** Source material follows **

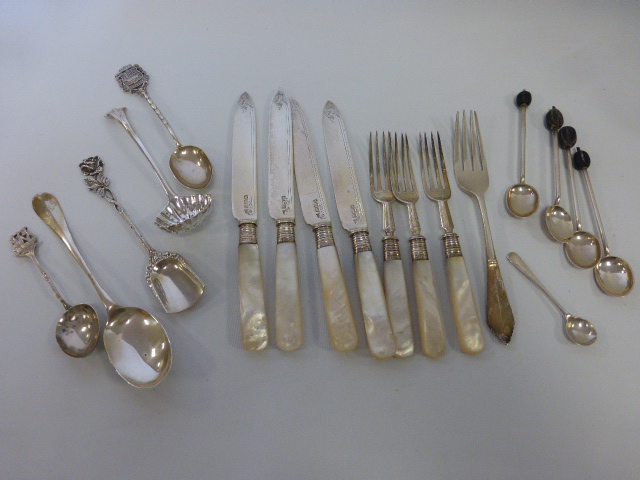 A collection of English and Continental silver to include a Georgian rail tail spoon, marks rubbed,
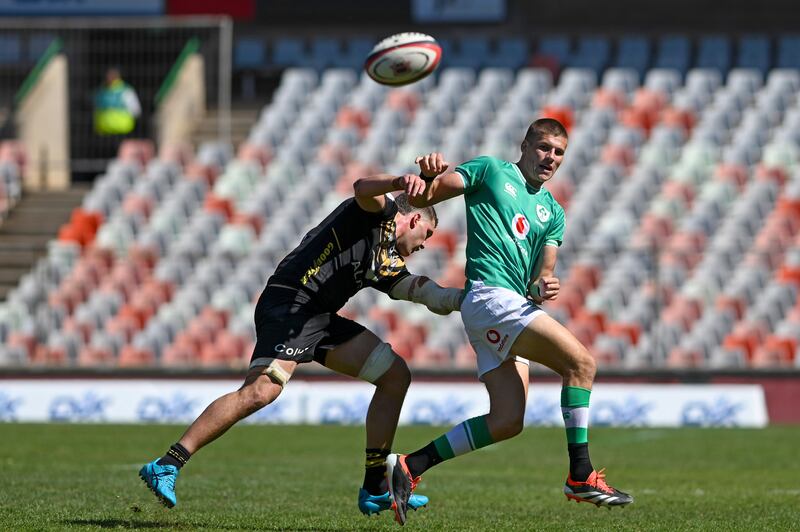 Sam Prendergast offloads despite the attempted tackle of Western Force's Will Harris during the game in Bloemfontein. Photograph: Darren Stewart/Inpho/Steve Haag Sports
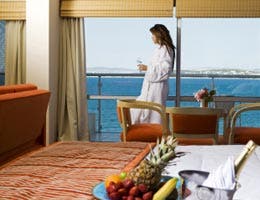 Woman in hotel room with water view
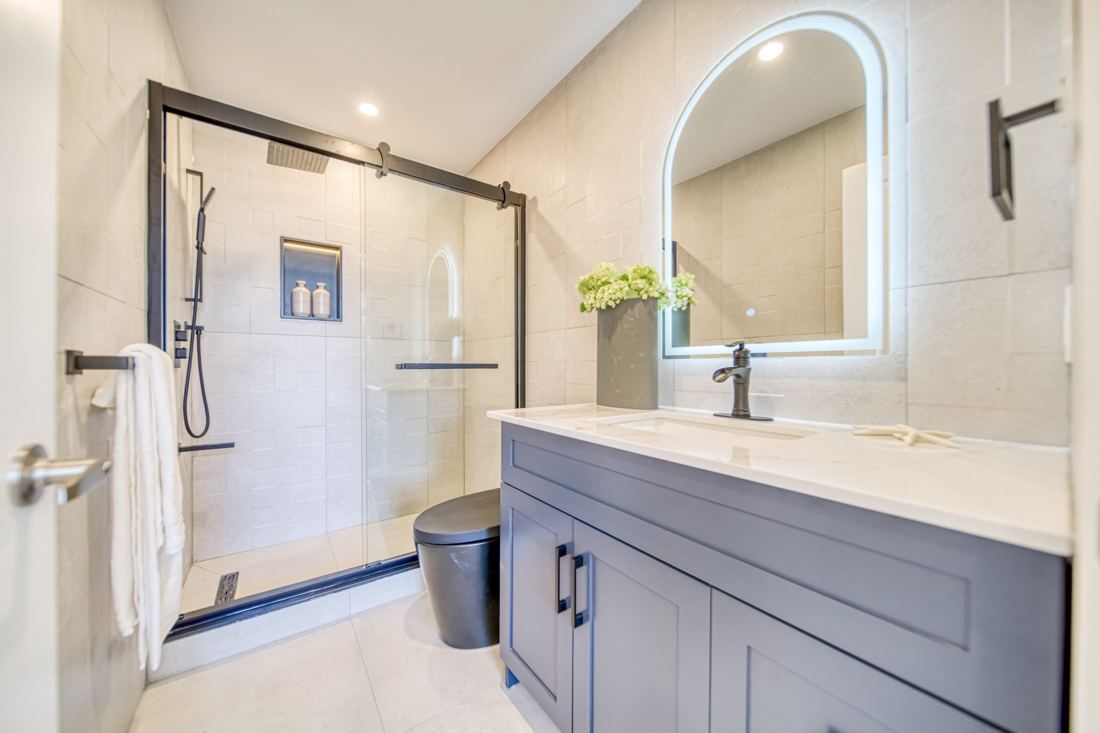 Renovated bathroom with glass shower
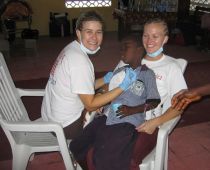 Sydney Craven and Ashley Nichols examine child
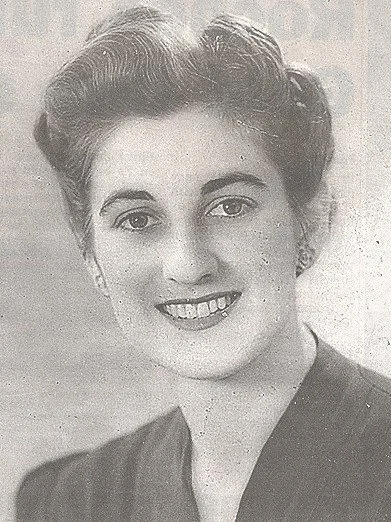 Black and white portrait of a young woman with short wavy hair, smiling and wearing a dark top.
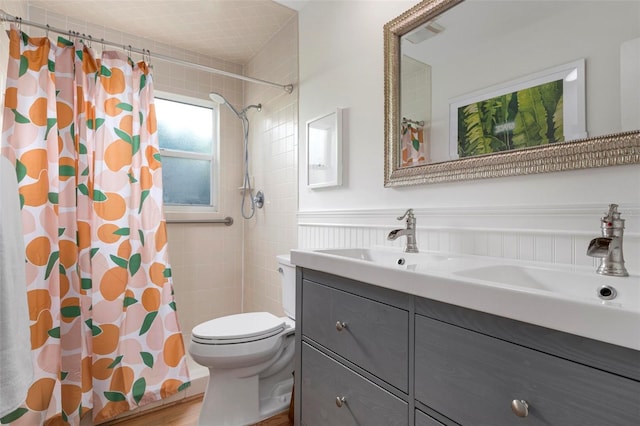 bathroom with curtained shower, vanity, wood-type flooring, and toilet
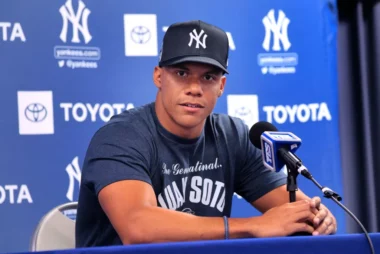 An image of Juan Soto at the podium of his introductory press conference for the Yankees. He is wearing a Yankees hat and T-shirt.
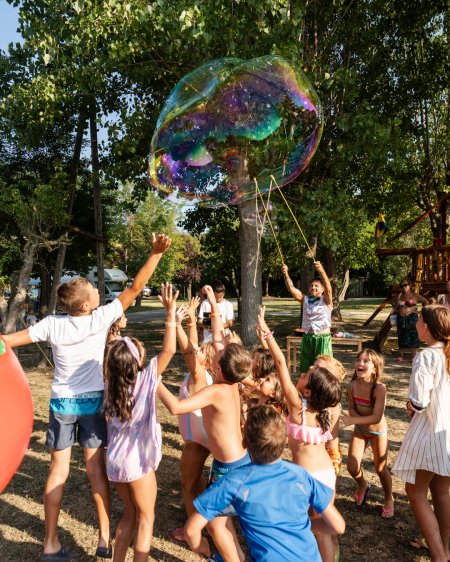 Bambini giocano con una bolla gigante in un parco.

** End of Source material **

Task to complete: Print the listing verbatim, images excluded.

Output of the exercise:
 A collection of English and Continental silver to include a Georgian rail tail spoon, marks rubbed,
 Sam Prendergast offloads despite the attempted tackle of Western Force's Will Harris during the game in Bloemfontein. Photograph: Darren Stewart/Inpho/Steve Haag Sports
 Woman in hotel room with water view
 Renovated bathroom with glass shower
 Sydney Craven and Ashley Nichols examine child
 Black and white portrait of a young woman with short wavy hair, smiling and wearing a dark top.
 bathroom with curtained shower, vanity, wood-type flooring, and toilet
 An image of Juan Soto at the podium of his introductory press conference for the Yankees. He is wearing a Yankees hat and T-shirt.
 Bambini giocano con una bolla gigante in un parco.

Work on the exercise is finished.